Tuesday, December 15, 2009

Billions more to be spent on roads

Decisions announced today should delight the trucking industry.

A new four-lane highway will be built through the Kapiti Coast, along the western link road designation. The New Zealand Transport Agency announced this morning that it would build the Sandhills Expressway along the contentious Western Link Road route, running beside the coast from Raumati South to Peka Peka. It will cost between $380 million and $500 million, and will affect between 20 and 50 properties. The current State Highway 1 will become a local road.

And that old much vaunted "grand project", the Transmission Gully bypass, has also been given the green light. Along with improvements around the Basin Reserve and new Wellington tunnels, a total of $2.2 billion will be spent.

Well, despite the fact that the Transmission Gully route involves some pretty steep gradients, it will please the trucking industry no end. For car users, it is a mixed blessing. On the one hand the four lanes involved will mean they will be able to get past the many trucks that clog this section of State Highway 1 more easily. On the other hand, it will be them who will be massively subsidizing the truckies.

If $2 billion was spent instead on improving the rail system... ah yes, much fewer trucks on the State Highways, less road repairs, fewer accidents, less fuel imported, less trucks imported, less carbon emissions, less pollution generally. A beautiful dream and that's all it is going to remain by the look of it.

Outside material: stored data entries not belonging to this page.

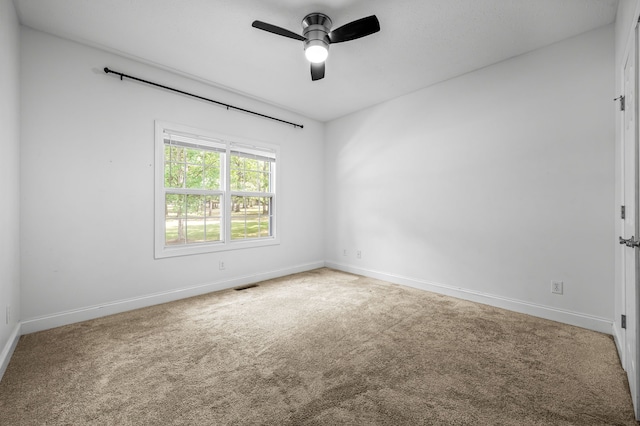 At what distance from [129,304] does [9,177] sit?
1.59 m

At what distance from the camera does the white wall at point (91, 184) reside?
2549 mm

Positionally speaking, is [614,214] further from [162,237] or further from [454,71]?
[162,237]

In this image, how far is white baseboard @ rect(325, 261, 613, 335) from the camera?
8.32 ft

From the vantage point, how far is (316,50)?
2486mm

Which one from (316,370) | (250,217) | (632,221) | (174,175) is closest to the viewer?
(632,221)

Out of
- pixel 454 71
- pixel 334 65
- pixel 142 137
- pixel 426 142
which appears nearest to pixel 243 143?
pixel 142 137

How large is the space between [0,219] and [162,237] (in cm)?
146

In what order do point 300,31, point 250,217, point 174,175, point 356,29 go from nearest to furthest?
point 356,29, point 300,31, point 174,175, point 250,217

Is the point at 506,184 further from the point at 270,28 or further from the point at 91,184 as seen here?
the point at 91,184

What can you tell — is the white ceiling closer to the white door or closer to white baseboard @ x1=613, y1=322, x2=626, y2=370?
the white door

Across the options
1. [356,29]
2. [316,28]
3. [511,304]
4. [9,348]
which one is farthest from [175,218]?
[511,304]

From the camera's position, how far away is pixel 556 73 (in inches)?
109

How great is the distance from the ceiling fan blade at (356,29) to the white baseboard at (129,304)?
3226mm

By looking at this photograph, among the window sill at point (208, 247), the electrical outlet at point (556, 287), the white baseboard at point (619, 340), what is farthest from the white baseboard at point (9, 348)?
the electrical outlet at point (556, 287) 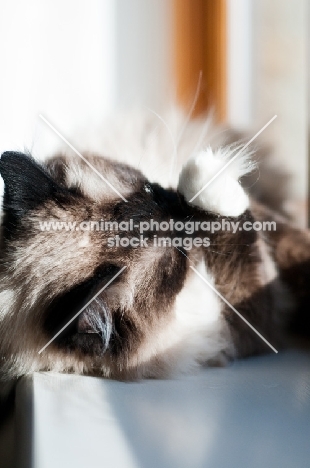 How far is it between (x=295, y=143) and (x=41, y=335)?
141cm

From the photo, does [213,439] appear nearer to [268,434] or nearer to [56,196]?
[268,434]

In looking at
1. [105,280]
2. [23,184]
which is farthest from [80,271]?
[23,184]

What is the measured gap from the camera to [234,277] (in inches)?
46.1

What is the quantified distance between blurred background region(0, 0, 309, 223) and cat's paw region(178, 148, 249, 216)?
0.72 meters

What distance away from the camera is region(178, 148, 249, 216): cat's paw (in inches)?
40.5

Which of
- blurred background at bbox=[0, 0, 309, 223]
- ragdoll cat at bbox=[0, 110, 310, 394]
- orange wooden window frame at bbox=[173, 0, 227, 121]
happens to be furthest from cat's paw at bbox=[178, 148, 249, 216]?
orange wooden window frame at bbox=[173, 0, 227, 121]

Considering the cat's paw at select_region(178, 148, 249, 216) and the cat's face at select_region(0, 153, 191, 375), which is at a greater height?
the cat's paw at select_region(178, 148, 249, 216)

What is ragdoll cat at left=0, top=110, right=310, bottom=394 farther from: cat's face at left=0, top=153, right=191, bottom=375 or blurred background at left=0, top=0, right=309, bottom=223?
blurred background at left=0, top=0, right=309, bottom=223

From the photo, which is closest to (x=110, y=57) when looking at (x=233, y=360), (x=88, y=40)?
(x=88, y=40)

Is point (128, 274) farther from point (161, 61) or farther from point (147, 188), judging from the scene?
point (161, 61)

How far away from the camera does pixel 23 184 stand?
950 millimetres

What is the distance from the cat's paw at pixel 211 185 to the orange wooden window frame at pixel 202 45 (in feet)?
3.59

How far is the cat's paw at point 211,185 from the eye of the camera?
103 cm

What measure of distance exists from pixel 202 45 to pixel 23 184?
1466mm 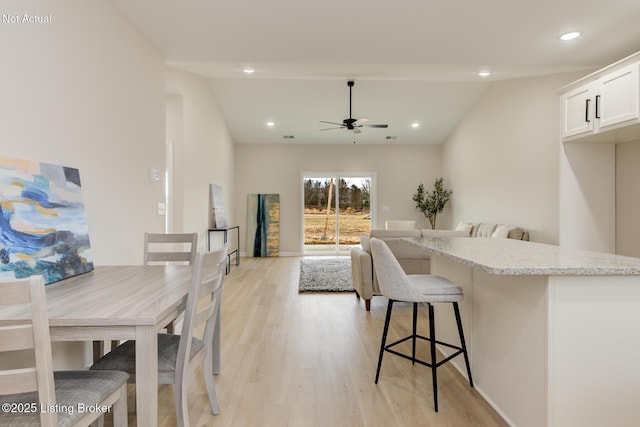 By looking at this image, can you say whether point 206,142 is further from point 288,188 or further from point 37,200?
point 37,200

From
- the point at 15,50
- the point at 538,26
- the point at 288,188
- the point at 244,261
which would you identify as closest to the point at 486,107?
the point at 538,26

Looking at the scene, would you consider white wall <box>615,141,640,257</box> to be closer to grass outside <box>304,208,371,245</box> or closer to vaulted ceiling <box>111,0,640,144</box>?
vaulted ceiling <box>111,0,640,144</box>

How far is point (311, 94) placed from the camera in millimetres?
6582

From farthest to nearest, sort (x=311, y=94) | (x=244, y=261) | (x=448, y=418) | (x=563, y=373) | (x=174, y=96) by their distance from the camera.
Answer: (x=244, y=261), (x=311, y=94), (x=174, y=96), (x=448, y=418), (x=563, y=373)

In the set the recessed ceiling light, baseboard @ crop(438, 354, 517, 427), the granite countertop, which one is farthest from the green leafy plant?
the granite countertop

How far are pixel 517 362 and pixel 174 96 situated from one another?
5113 millimetres

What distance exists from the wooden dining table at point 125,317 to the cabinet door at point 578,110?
12.4 feet

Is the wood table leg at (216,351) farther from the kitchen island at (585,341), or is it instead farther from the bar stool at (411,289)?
the kitchen island at (585,341)

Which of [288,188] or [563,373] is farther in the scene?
[288,188]

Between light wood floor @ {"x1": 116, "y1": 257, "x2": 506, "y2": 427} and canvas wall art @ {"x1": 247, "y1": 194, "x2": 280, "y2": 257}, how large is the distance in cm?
457

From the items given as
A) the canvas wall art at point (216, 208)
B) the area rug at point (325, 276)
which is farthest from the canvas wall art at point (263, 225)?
the canvas wall art at point (216, 208)

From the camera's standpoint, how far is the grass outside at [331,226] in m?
8.83

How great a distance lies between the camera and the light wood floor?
76.3 inches

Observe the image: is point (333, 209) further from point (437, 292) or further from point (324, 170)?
point (437, 292) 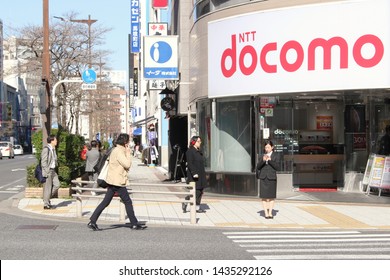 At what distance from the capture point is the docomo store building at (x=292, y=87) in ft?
54.6

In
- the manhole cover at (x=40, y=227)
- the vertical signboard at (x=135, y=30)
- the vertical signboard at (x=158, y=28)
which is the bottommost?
the manhole cover at (x=40, y=227)

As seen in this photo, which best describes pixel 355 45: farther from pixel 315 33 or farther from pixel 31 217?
pixel 31 217

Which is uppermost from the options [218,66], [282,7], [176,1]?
[176,1]

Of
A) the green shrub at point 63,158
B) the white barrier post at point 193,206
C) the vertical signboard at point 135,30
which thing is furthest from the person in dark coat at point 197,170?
the vertical signboard at point 135,30

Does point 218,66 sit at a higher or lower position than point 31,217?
higher

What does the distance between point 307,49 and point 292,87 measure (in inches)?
44.5

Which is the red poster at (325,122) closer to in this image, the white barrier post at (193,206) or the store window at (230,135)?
the store window at (230,135)

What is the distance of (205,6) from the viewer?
2077 centimetres

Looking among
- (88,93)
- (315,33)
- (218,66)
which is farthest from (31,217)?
(88,93)

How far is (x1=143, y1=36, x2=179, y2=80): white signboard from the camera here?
23.5m

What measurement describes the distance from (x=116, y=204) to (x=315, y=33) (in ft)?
24.0

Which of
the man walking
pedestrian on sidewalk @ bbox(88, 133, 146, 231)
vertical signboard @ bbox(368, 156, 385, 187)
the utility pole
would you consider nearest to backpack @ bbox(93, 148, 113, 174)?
the man walking

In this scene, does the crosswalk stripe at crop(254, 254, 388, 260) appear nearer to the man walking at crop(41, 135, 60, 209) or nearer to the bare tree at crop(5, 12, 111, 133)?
the man walking at crop(41, 135, 60, 209)

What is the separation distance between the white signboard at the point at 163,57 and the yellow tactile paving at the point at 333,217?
9310 millimetres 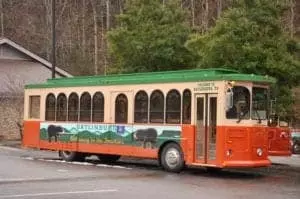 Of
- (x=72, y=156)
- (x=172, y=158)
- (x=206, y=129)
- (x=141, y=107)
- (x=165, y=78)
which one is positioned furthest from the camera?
(x=72, y=156)

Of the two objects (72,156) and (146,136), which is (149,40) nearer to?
(72,156)

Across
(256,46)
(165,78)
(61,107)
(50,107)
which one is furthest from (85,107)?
(256,46)

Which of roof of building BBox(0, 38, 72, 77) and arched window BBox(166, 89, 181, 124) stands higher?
roof of building BBox(0, 38, 72, 77)

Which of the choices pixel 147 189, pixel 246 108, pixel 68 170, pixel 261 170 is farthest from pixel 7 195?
pixel 261 170

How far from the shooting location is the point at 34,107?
26.2 meters

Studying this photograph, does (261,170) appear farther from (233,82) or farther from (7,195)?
(7,195)

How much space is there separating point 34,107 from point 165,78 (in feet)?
23.6

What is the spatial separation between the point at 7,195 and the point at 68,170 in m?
6.39

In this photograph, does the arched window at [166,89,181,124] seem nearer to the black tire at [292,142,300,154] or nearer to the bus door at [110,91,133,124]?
the bus door at [110,91,133,124]

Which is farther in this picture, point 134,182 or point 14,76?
point 14,76

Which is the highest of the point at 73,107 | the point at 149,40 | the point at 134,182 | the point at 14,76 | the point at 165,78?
the point at 149,40

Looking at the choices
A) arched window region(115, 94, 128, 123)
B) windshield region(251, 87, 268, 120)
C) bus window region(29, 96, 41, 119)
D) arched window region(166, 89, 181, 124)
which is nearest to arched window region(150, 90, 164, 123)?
arched window region(166, 89, 181, 124)

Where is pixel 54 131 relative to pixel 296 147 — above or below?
above

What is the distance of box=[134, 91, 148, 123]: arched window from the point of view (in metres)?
21.4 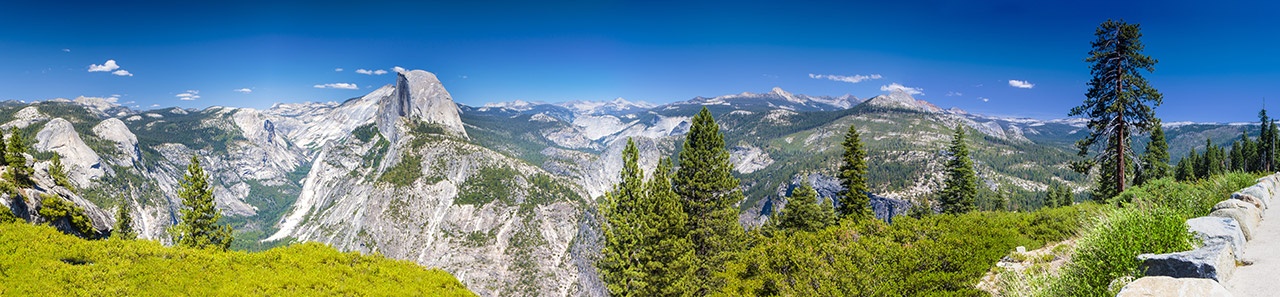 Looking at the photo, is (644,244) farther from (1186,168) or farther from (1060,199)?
(1186,168)

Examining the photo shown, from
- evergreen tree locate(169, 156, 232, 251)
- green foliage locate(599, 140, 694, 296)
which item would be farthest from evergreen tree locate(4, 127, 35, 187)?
green foliage locate(599, 140, 694, 296)

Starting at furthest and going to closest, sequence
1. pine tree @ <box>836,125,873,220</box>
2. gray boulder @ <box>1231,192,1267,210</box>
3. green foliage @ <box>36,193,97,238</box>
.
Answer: pine tree @ <box>836,125,873,220</box> → green foliage @ <box>36,193,97,238</box> → gray boulder @ <box>1231,192,1267,210</box>

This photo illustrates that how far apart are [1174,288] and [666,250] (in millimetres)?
25311

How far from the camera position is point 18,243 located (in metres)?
12.5

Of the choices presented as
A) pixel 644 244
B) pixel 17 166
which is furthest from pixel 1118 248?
pixel 17 166

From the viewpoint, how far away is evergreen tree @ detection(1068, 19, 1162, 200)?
26.6 metres

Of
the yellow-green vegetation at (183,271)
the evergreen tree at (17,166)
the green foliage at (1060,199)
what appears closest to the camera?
the yellow-green vegetation at (183,271)

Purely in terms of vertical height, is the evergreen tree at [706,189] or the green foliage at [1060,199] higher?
the evergreen tree at [706,189]

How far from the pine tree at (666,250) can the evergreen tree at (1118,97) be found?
2203 cm

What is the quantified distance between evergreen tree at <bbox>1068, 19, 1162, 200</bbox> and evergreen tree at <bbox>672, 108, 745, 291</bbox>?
19.4 m

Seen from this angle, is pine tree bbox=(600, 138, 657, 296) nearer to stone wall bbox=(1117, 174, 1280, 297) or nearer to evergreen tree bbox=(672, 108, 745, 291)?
evergreen tree bbox=(672, 108, 745, 291)

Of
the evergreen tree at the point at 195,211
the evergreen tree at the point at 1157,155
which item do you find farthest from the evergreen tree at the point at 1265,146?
the evergreen tree at the point at 195,211

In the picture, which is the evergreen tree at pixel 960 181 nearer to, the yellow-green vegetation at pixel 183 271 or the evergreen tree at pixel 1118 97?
the evergreen tree at pixel 1118 97

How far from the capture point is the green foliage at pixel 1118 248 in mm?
7523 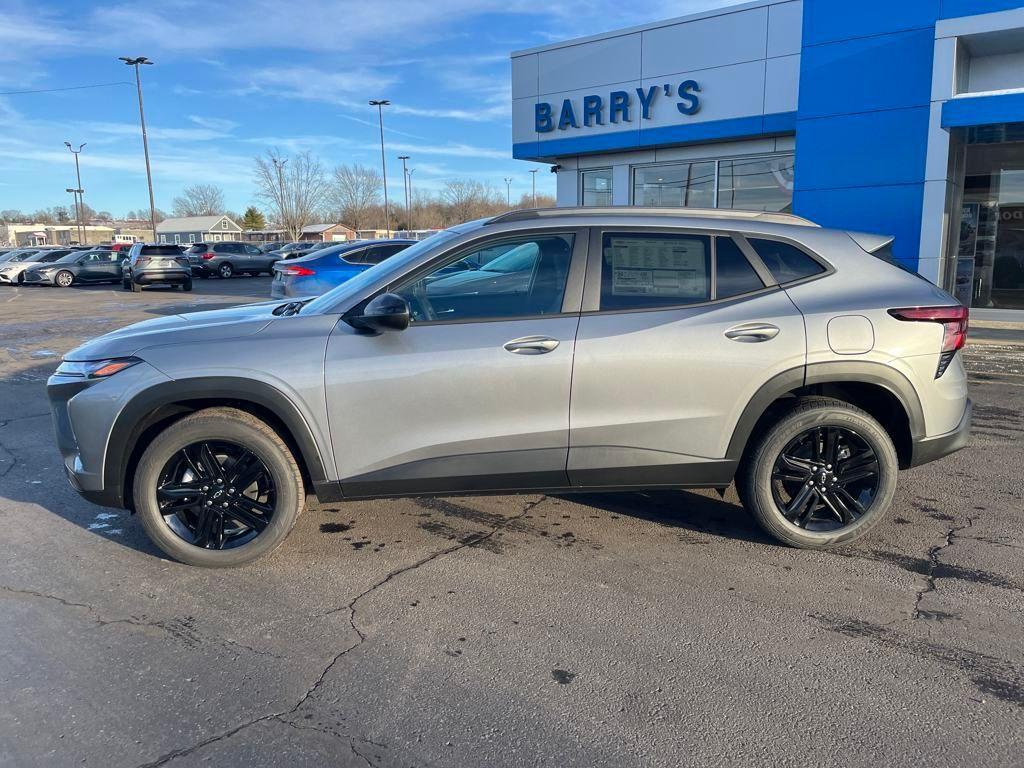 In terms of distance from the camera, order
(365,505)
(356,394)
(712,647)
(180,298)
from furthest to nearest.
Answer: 1. (180,298)
2. (365,505)
3. (356,394)
4. (712,647)

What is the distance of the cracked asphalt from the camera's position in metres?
2.60

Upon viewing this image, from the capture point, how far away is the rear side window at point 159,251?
84.6 feet

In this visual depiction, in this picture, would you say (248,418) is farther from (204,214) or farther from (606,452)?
(204,214)

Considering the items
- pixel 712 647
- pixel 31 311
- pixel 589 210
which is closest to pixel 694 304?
pixel 589 210

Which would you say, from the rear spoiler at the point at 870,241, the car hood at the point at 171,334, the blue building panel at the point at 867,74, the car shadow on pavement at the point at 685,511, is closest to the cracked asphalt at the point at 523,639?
the car shadow on pavement at the point at 685,511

We should point out that we are not against the trucking industry, and in fact we make a lot of use of it moving our books around the country. We know that road cartage charges are proportionately much cheaper in NZ than what they are in Australia and margins aren't great. Obviously trucks are necessary when it comes to short distance haulage; they should be much less necessary than they are now for long distance haulage, however. What we are against are misleading and distorted economic arguments based on partial considerations. It isn't a question of state versus private enterprise either. In much of Europe the state owns both the roads and the railway lines (and in the west maintains both to high standards), but private operators have their own freight trains. We want honesty and fairness.